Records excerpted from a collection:
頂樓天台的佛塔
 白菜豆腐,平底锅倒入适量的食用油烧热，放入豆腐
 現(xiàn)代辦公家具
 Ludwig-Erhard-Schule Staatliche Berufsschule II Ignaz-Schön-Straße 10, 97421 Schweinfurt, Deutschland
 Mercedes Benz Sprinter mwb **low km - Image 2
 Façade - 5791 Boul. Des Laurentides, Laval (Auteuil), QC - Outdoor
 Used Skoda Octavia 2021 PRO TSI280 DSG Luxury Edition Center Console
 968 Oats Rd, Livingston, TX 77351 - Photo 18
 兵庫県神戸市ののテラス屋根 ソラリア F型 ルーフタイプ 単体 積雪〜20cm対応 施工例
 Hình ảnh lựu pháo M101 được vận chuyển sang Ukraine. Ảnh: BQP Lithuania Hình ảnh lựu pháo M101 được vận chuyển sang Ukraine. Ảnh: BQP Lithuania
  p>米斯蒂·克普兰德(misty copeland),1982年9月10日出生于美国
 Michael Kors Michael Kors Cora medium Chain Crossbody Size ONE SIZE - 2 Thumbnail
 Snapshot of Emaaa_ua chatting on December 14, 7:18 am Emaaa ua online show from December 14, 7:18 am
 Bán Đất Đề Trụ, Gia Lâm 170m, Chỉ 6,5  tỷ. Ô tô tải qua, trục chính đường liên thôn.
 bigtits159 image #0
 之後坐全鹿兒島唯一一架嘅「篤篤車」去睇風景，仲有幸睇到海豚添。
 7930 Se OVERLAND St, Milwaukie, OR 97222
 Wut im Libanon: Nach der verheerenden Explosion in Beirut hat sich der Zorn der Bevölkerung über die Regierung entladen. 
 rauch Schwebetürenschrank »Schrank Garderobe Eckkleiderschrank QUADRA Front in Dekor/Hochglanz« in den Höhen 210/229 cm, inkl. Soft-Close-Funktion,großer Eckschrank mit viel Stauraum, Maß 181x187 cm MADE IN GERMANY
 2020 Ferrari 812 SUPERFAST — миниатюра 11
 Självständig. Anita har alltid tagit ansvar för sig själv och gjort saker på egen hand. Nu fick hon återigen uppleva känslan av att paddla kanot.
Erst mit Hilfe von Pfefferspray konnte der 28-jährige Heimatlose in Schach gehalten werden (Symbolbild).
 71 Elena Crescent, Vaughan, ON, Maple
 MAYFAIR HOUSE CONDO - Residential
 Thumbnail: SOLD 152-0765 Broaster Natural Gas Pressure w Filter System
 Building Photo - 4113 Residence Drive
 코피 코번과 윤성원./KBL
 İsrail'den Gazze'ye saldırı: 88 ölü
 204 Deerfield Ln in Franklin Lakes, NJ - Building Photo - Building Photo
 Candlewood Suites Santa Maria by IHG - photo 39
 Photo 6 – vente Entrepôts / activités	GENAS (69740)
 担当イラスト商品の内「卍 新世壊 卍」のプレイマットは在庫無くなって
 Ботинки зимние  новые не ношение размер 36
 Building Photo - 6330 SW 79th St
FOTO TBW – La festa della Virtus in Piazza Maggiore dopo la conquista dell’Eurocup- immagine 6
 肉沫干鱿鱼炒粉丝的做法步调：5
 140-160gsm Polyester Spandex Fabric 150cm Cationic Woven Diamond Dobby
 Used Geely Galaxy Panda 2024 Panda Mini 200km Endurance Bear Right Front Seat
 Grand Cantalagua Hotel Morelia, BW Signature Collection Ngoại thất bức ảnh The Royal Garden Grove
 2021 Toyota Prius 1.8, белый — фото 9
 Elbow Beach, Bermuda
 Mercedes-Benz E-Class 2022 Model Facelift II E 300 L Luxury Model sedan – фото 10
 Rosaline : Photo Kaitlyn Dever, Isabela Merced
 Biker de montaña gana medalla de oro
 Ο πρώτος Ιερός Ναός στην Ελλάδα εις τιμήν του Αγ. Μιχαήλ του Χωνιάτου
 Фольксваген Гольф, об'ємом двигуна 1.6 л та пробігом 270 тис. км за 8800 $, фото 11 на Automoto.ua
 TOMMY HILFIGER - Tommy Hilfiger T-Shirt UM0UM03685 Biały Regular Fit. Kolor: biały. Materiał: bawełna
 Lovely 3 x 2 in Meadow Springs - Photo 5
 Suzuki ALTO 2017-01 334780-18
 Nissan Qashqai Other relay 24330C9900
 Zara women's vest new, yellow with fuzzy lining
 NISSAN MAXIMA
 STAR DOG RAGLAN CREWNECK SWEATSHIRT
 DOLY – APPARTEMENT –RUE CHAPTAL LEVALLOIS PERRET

TASK TO COMPLETE
The word is "Building". Copy every line above where it appears.

SOLVED PROBLEM
 Building Photo - 4113 Residence Drive
 204 Deerfield Ln in Franklin Lakes, NJ - Building Photo - Building Photo
 Building Photo - 6330 SW 79th St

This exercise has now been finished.